_THE TASK_. Everything in the listing should be copied exactly, save for the pictures.

*** Opening of INFORMATION PROVIDED ***

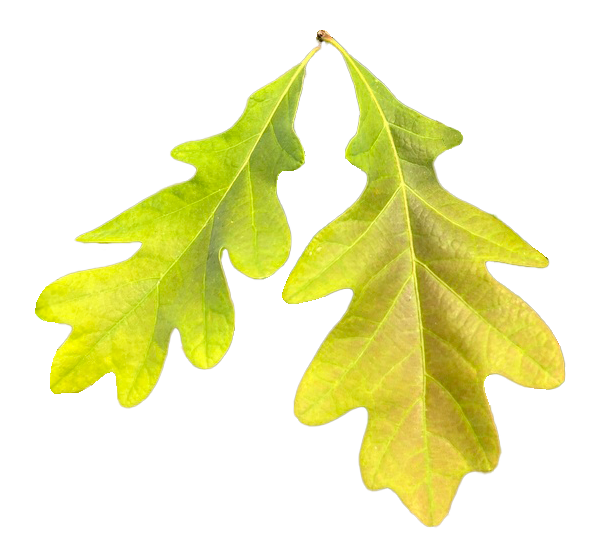 White Oak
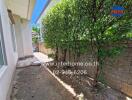 Side yard with walkway and hedges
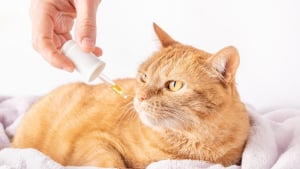 Illustration : Qu'est-ce que l'homéopathie pour chat ?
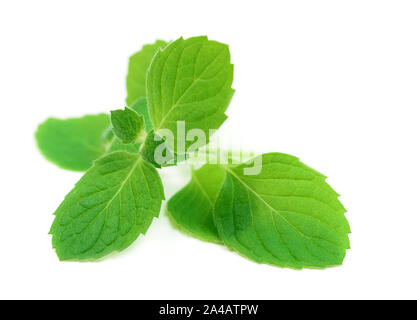 Crudo fresco di foglie di menta isolati su sfondo bianco Foto Stock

*** Close of INFORMATION PROVIDED ***

_ANSWER BOX_.
 White Oak
 Side yard with walkway and hedges
 Illustration : Qu'est-ce que l'homéopathie pour chat ?
 Crudo fresco di foglie di menta isolati su sfondo bianco Foto Stock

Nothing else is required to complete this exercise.